The change is contingent, per the announcement, on the State Board of Fisheries similarly authorizing beach seines in the fishery by adopting Proposal 313 at its Statewide Shellfish meeting in Anchorage next month. That proposal was generated after the board last year decided to accept an agenda change request by Brian and Lisa Gabriel calling for beach seines as an alternative gear type in the east side setnet fishery.
Last summer, the Gabriels led a test fishery operated under a commissioner’s permit to explore beach seines as an option to harvest target sockeye salmon without killing king salmon. They told the Clarion in July that they’d seen their nets work successfully — that they hadn’t killed a king salmon, that they could adapt the nets to different sites, and that they’d caught enough sockeye to be economically viable.
Their request to the board is for the use of set beach seine nets as a gear type in the east side setnet fishery. Their proposal describes a fishing season from June 20 to Aug. 15, with the use of one set beach seine net per permit, used with shore-based infrastructure. The nets may be up to 100 fathoms in length, 215 mesh deep with a maximum mesh size of 3-and-a-half inches. If gillnet fishing were allowed by regulation, a permit holder would have to fish one or the other.
The board is set to decide on the proposal during their meeting from March 11-16.
The CFEC’s proposed regulation says only that it would allow “the use of a beach seine under a set gillnet permit in the Cook Inlet set gillnet fishery as authorized by the Board of Fisheries.”
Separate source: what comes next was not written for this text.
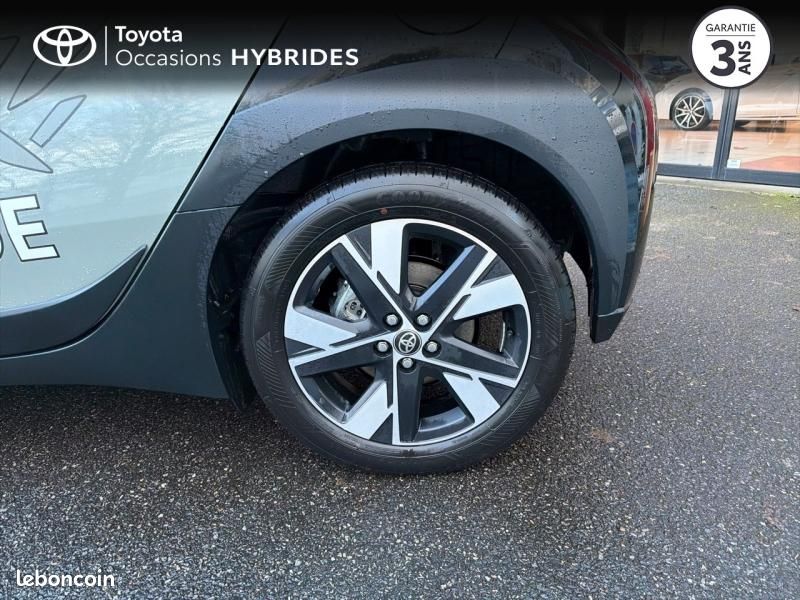 Toyota Aygo X 116h Graphic (image 16)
Comment will be accepted on the proposed regulation until 5 p.m. on March 21.
Written comments can be sent by email to DFG.CFEC.PublicQuestions@alaska.gov.
Consideration of seines for the local setnet fisheries by the CFEC joins the ongoing consideration of dipnets — which the CFEC last year gave emergency authorization before rejecting. The commission in October said it would reconsider dipnets in response to new petitions for the gear, and a public comment period ended in November, but the group has yet to act on that proposed regulation.
This story was updated on Wednesday, Feb. 19 after the CFEC amended the public notice to remove a previously scheduled action meeting on March 26.